Four years on, Mervyn King has finally admitted to some of his culpability for the banking crisis. At the same time, he rpoints to the Treasury, FSA and Bank of England “Tripartite” for its combined responsibility. He is right about that. Incredibly, during the ten years leading up to the crisis, i.e. as it was slowly developing, the Tripartite met only once. King notes the mea culpa from the FSA, again only partial, but also notes the absence of penitence from Gordon Brown and Ed Balls.
He also failed to mention Sir John “Teflon” Gieve. As a senior Treasury official he helped draw up the Tripartite agreement that almost guaranteed its failure. He was then Permanent Secretary of the Home Office during the years the auditors refused to sign off the accounts. His financial sagacity was further confirmed when, as link man between the FSA and the Bank of England during the lead up to the crisis, he effectively neutered them both.

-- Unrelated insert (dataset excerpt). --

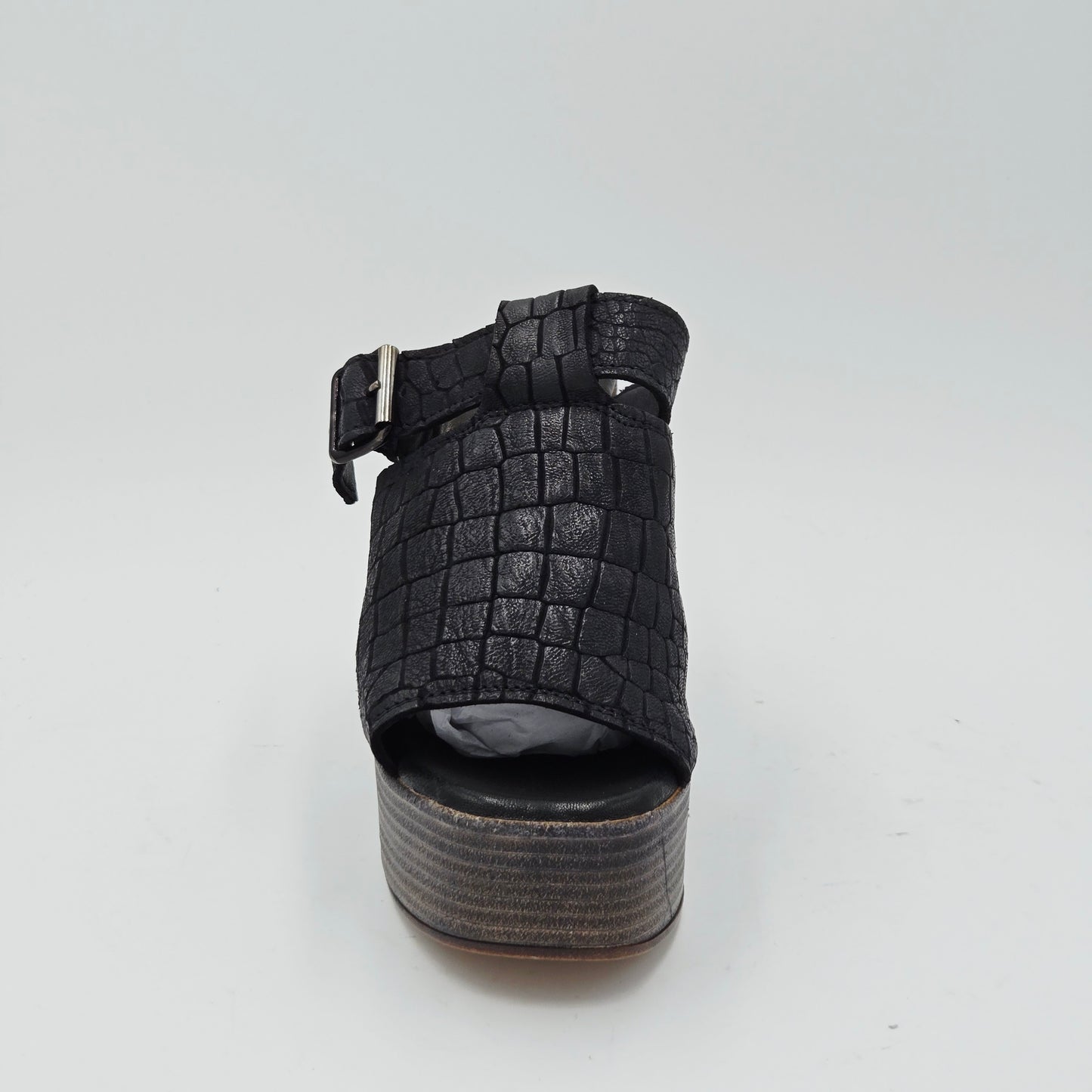 MOMA Sandali Donna pelle nero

King has had some hard words for the banks who, notably Barclays, have failed to admit responsibility, pay mega-bonuses based on profits from mis-selling and resolutely obstruct attempts to increase capital ratios to prevent a recurrence. I have some sympathy with the banks on that last point. Regulation was not, and is not, the solution. We are unlikely to have another such crisis until the memory of this one is fully expunged, i.e. half a century. We can already see the effects of higher capital ratios damaging our ability to escape recession. To increase capital ratios, banks have to lend less to SMEs and increase their margins to everyone. Look at LIBOR and mortgage interest rates increasing while the Bank of England rate has been stable at 0.5%.

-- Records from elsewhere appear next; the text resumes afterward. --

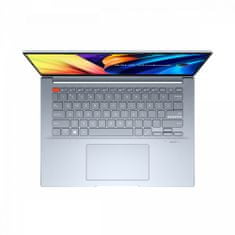 ASUS Vivobook S M5402RA-M9089W Laptop 14.5" 2880x1800 OLED AMD Ryzen 7 6800HS 512GB SSD 16GB DDR5 AMD Radeon Graphics Windows 11 Home Ezüst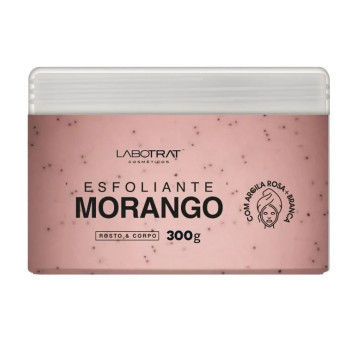 Esfoliante Labotrat Corpo/Rosto Morango 300G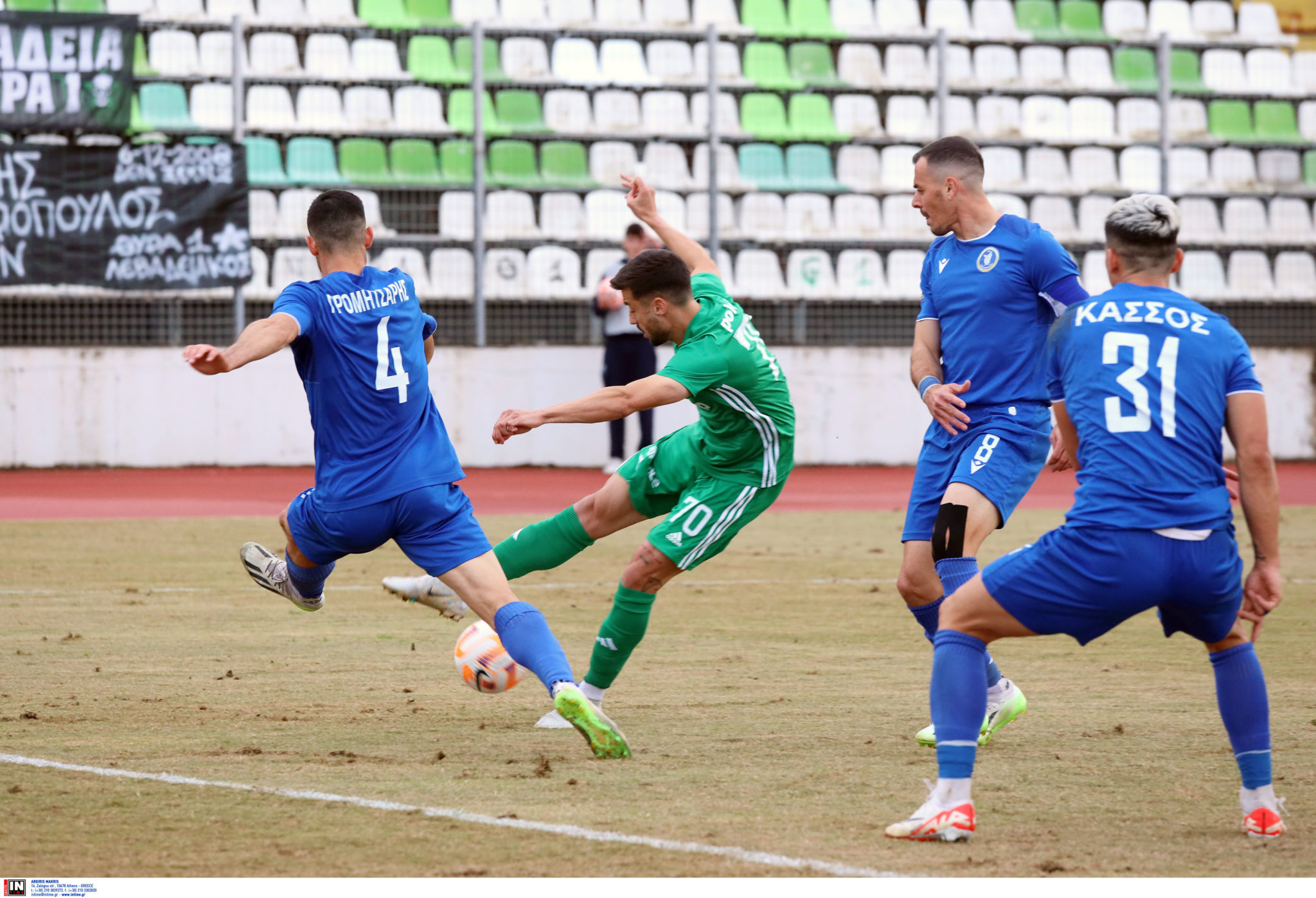 Λεβαδειακός - Νίκη Βόλου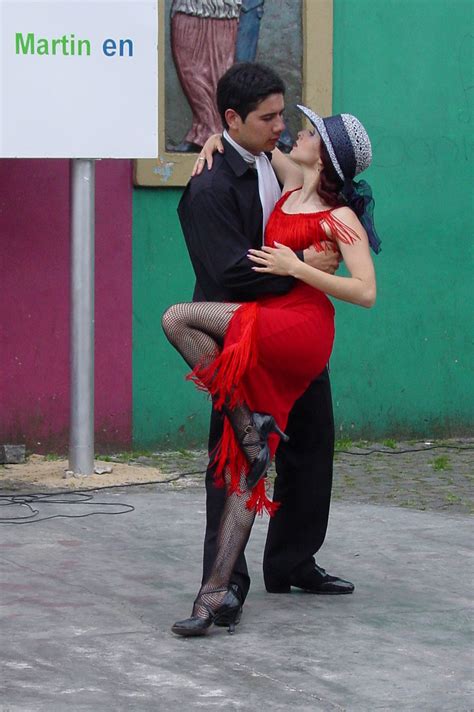 Tango Caminito La Boca Buenos Aires Tango Dancers Dance Photos
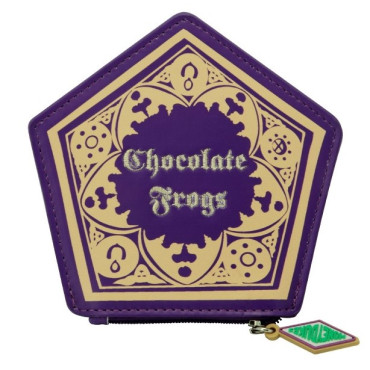 Porta-moedas do sapo de chocolate Harry Potter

At this particular time we need less capital ratios and more lending at keener prices. When recovery comes, then by all means think again.

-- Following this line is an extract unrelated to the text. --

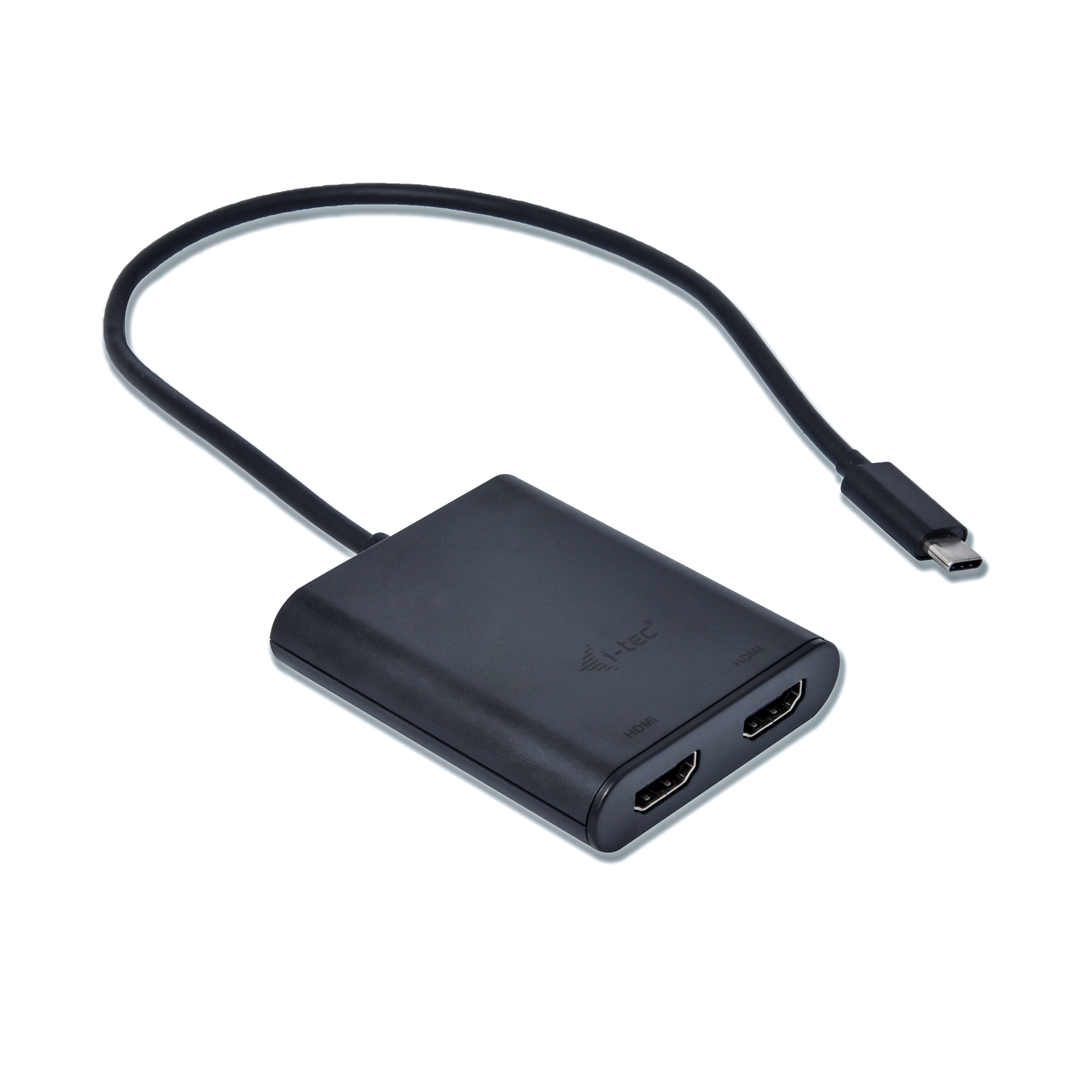 i-tec USB-C na 4K Dual HDMI video adaptér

We are still in the doldrums of the banking crisis and are likely to continue to be for some time. Yes, Sir Mervyn, we do need a proper independent enquiry and we need it now that the pressure is off but memories are, or could be, clear.
It is extraordinary, when you think of it, that we are mesmerised by the peccadillos of the Murdochs which have had a marginal, if any, effect on our way of living but ignore the far more grievous failures of the banks and the Tripartite which have brought the country to its knees. We have a years long judicial review of the former and no review at all of the latter.